Last Tuesday at 2:47 PM, we deployed a migration that looked completely innocent:
ALTER TABLE users ADD COLUMN email_verified boolean NOT NULL;
CREATE INDEX idx_users_email ON users(email);
Two statements. Nothing exotic. The kind of thing you've written a hundred times.
At 2:48 PM, every API endpoint that touched the users table started timing out. Our health checks went red. PagerDuty fired. Customers couldn't log in.
At 2:54 PM — six minutes later — the migration finished and everything recovered on its own.
The root cause wasn't a bug.

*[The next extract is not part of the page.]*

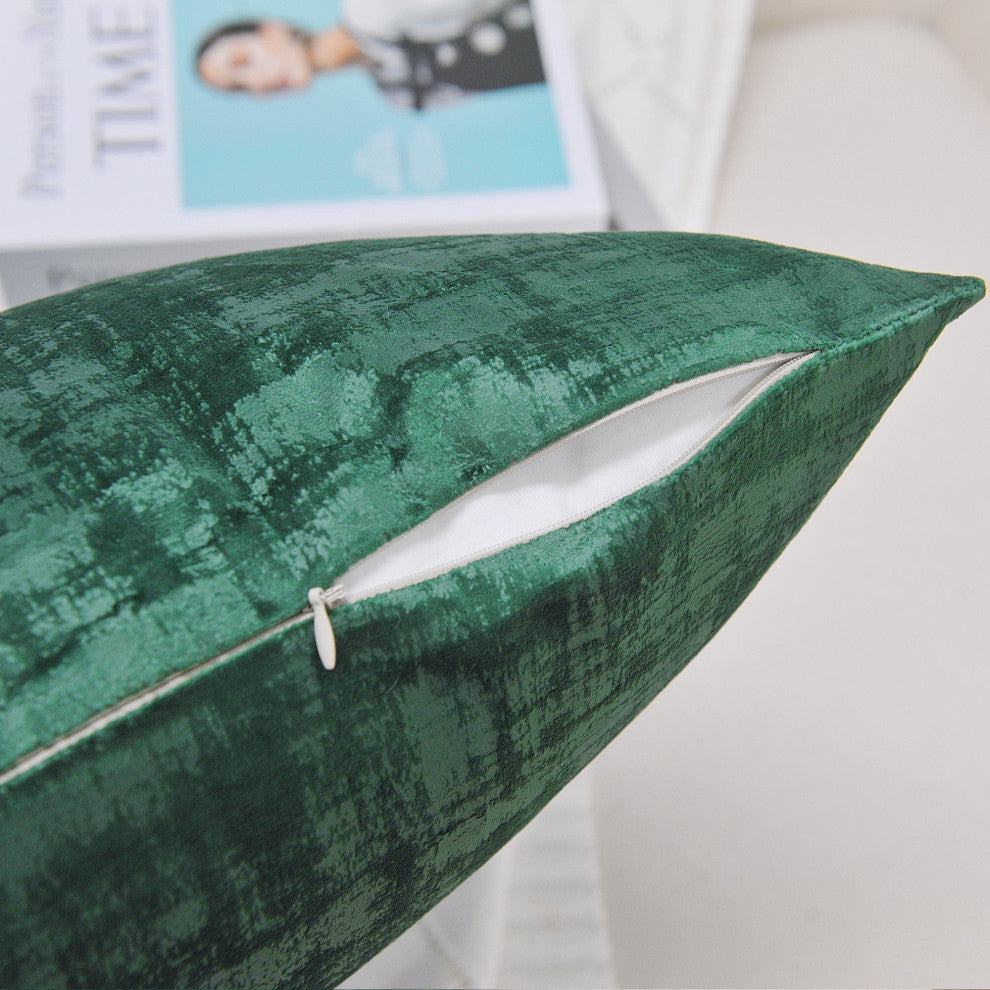Serenta Textured Velvet Pillow Shell, Set of 4, Eden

It was a lock.
What actually happened
Every DDL statement in Postgres acquires a lock on the table it modifies. The lock type depends on the statement:
| Statement | Lock Mode | What it blocks |
|---|---|---|
ADD COLUMN ... NOT NULL (no DEFAULT) |
ACCESS EXCLUSIVE | Everything — reads, writes, DDL |
CREATE INDEX (no CONCURRENTLY) |
SHARE | All writes |
SELECT |
ACCESS SHARE | Nothing |
ACCESS EXCLUSIVE is the nuclear option. It blocks every other operation on the table — including simple SELECT queries — until the DDL completes.

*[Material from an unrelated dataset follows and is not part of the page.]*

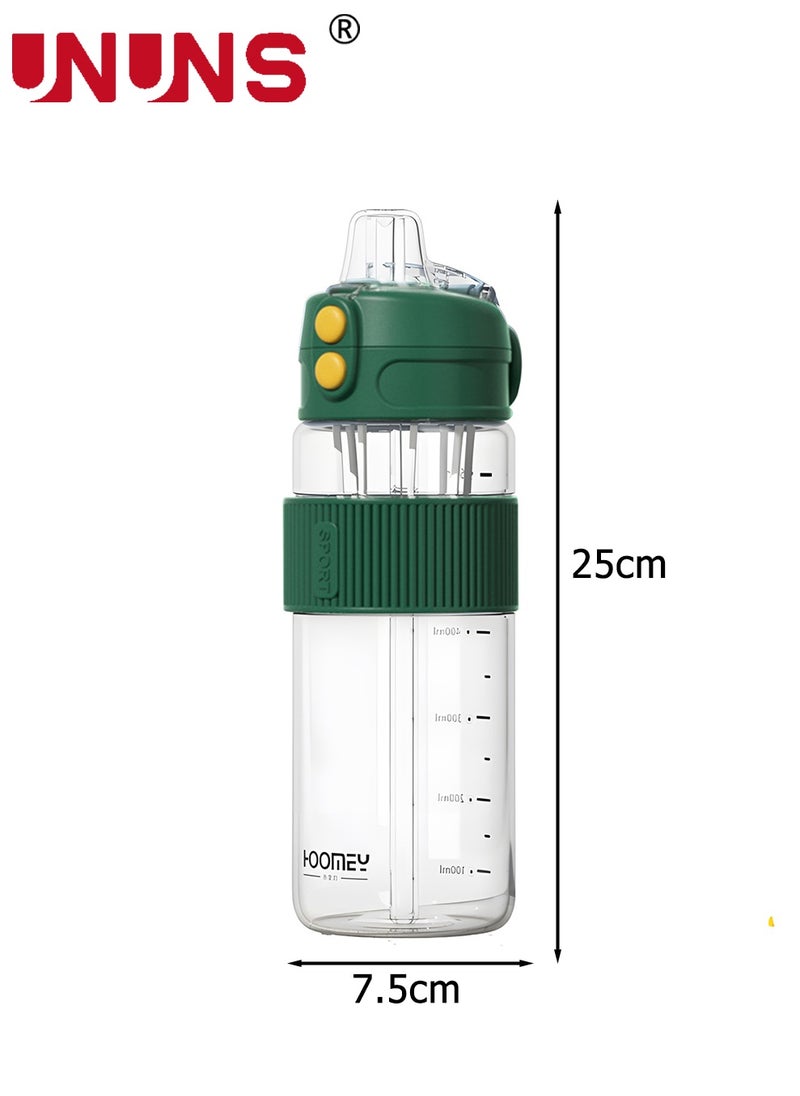 UNUNS Sports Water Bottle,20oz Large,Fast Flow,Flip Top Leak Proof Lid And Time Marker,Non-Toxic BPA Free,Double Opening Mode,Water Bottle With Stirrer  - Image 5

On a small table, this takes milliseconds. On our users table with 8 million rows, the ADD COLUMN ... NOT NULL without a default forces Postgres to rewrite the entire table while holding that lock. Every query stacks up in the lock queue. The queue backs up into connection pool exhaustion. The pool exhaustion cascades to every service.
Six minutes of downtime from a two-line migration.
The fix we never should have needed
The safe way to add a NOT NULL column is a multi-step expand/contract pattern:
-- Step 1: Add the column as nullable (instant, no rewrite)
ALTER TABLE users ADD COLUMN IF NOT EXISTS email_verified boolean;
-- Step 2: Backfill out-of-band in batches (not in a migration)
-- UPDATE users SET email_verified = false WHERE email_verified IS NULL LIMIT 1000;
-- Step 3: Add the constraint without validating (brief lock)
ALTER TABLE users ADD CONSTRAINT chk_nn
CHECK (email_verified IS NOT NULL) NOT VALID;
-- Step 4: Validate (reads table but doesn't block writes)
ALTER TABLE users VALIDATE CONSTRAINT chk_nn;
-- Step 5: Now it's safe to enforce
ALTER TABLE users ALTER COLUMN email_verified SET NOT NULL;
ALTER TABLE users DROP CONSTRAINT chk_nn;
And that CREATE INDEX? Should have been:
CREATE INDEX CONCURRENTLY IF NOT EXISTS idx_users_email ON users(email);
CONCURRENTLY takes longer but only requires a SHARE UPDATE EXCLUSIVE lock — it allows reads and writes to continue.
Every experienced Postgres DBA knows these patterns. The problem is that migrations are written by application developers who don't. And code review doesn't catch lock modes — they're not visible in the SQL.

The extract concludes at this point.